It was my body, but it was seperate from my consciousness. I was looking through my eyes but I was an impartial observer. I realized that I had gone on a shooting rampage in high school, and my life past that point had been a dream. I had these swirling ideas of about which of the three selfs (school shooter, 22 year old drug experimenter, eternal sun of knowledge) was real and which were dreams that I can't really describe, but the gist was that eternal sun was real and the other two were just... cosmic hiccups.
Things kept getting fuzzier at this point and there a sort of... babbling stream of thought which I can't describe. This kept going on until I eventually realized who I was again. I was in the bedroom. My brother had come in and was playing my Xbox. He was playing GTA. I suspect that when I hallucinated the shooting I was floating down to a high third plateau and the game was entering my visions, reinterpreting the shooting in the game. He later told me I talked to him about things that happened years ago as if they were currently going on. I remember none of this. I knew who and where I was, but I didn't understand it. There was a vague idea that someone had done drugs, and the letters "D...X...M" kept floating through my head but I didn't know what they meant. I do remember asking my brother if someone in here had done drugs and he said "Yes, you did, you freak."

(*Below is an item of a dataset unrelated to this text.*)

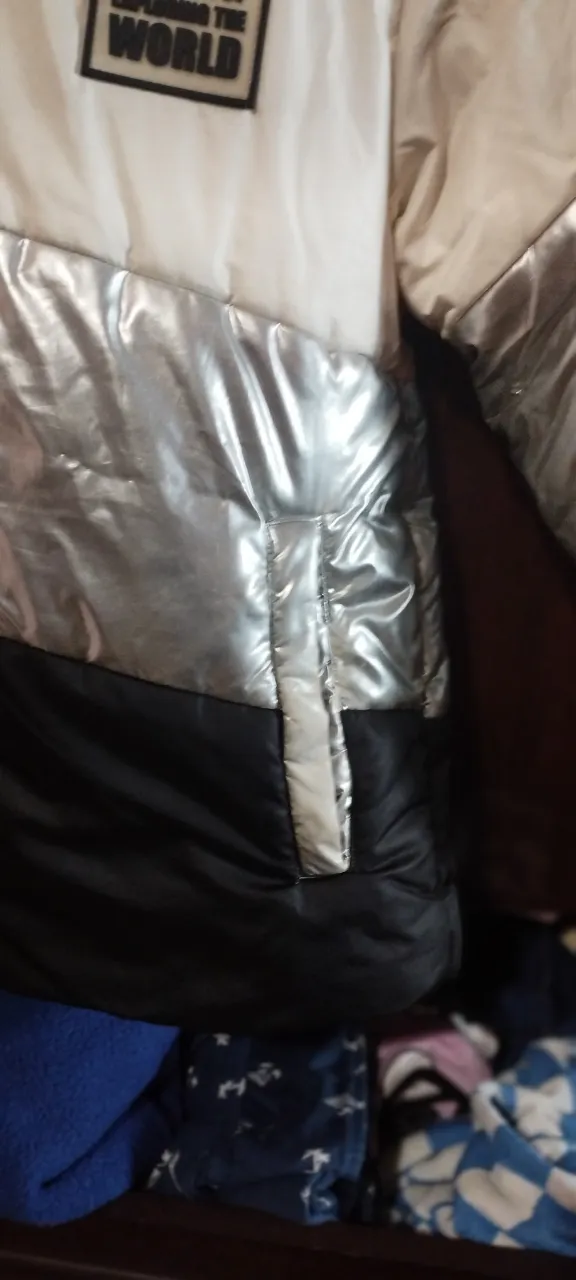 Campera bomber Grisino - imagen 3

I was eventually able to begin walking around, in a daze as if through a swamp. I smoked, watched tv, and came down for several hours. I shook it off completely by the end of the day, and by the next evening was laughingly telling the story of the trip over dinner."

     And after that, I still didn't stop doing it. I kept doing it every day. I can't even believe I'm typing these words, but it's true.  Highs associated with DXM arrive in plateaus. You reach the next plateau and the effects change. The highest, which I've heard called 4th plateau or plateau sigma, is sometimes rumored to be a myth. It's called a suicide mission. I thought I had reached it with that story above, but I learned that I didn't. There was a level beyond that, which I experienced later. I also credit this experience with saving my life, because it scared me so badly that I completely changed the direction of my life, and vowed to never do drugs again (I did... but one thing at a time). It is legitimately beyond description, but I can briefly say that I became a different person. I looked at myself and I was looking at a stranger. I said "Oh my god, that guy is so fucked up. What's wrong with him? I feel so sorry for him." and eventually came to realize it was me. I wrote "This is not real. This will end." on my walls. I shaved my head and moved all the way across the country.

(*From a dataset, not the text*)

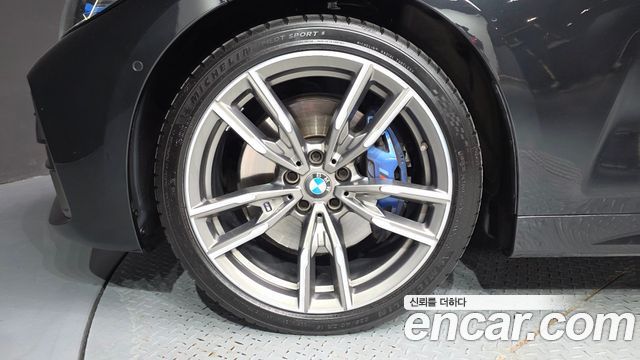 BMW 4-Series 2022 — photo 5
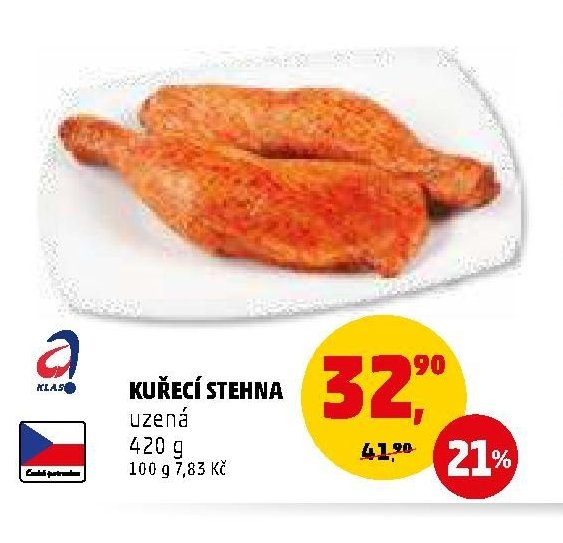 KUŘECÍ STEHNA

     And then... and then I really lost myself to drinking. I was drinking probably a fifth of either bourbon or vodka every day, already, understand, the whole time I was on DXM. It just seemed so incidental compared to what else I was doing. But if I wasn't buzzed, my body was screaming for it. I arrived in California, and unfortunately the next couple of years are just kind of a blur. I started to drink so much that my life didn't have any linear progression anymore, it just became flashes between hangovers and blackouts. Could I deny my alcoholism? I don't remember if I tried. All I knew was that any option that involved not drinking was not worth it. I can remember, among other things, being stopped by the police while walking down the sidewalk and told I was too drunk to walk. Drunk driving, I'd heard of, but I didn't know you could be too drunk to walk. I was staying with my dad at the time, and I can remember sneaking out the window in the middle of the night to buy more vodka, then falling down a hill and lying in the mud for probably an hour before I could gather myself enough to even get back in the window.
     I drove drunk every time I drove, because if I was awake, it meant I was drunk. I drank before work. I drank on my breaks at work. I threw up on the sidewalk outside work (pretty poorly managed company, I guess). Customers constantly complained that I smelled like whiskey. I would drink all of my roommates' alcohol in a blackout and have to buy them more. I always had scabs on my face and hands from constantly falling over. I would probably puke two or three times a day. Twice, I woke up thinking I was late for work, only to rush down there and realize it was 7:30 at night, not 7:30 in the morning. When I look back on it, I don't know how I subjected myself to that kind of torture for a week, much less years. But I did. I did eventually get busted for DUI. I woke up hungover with no alcohol and headed out to buy more. When I got to the store, I had drunkenly forgotten my wallet, so I had to go back home, and that was when I got pulled over. My BAC was .21 (and keep in mind, I had just woken up. I slept off a drunk and woke up at a .21). And I still didn't stop drinking.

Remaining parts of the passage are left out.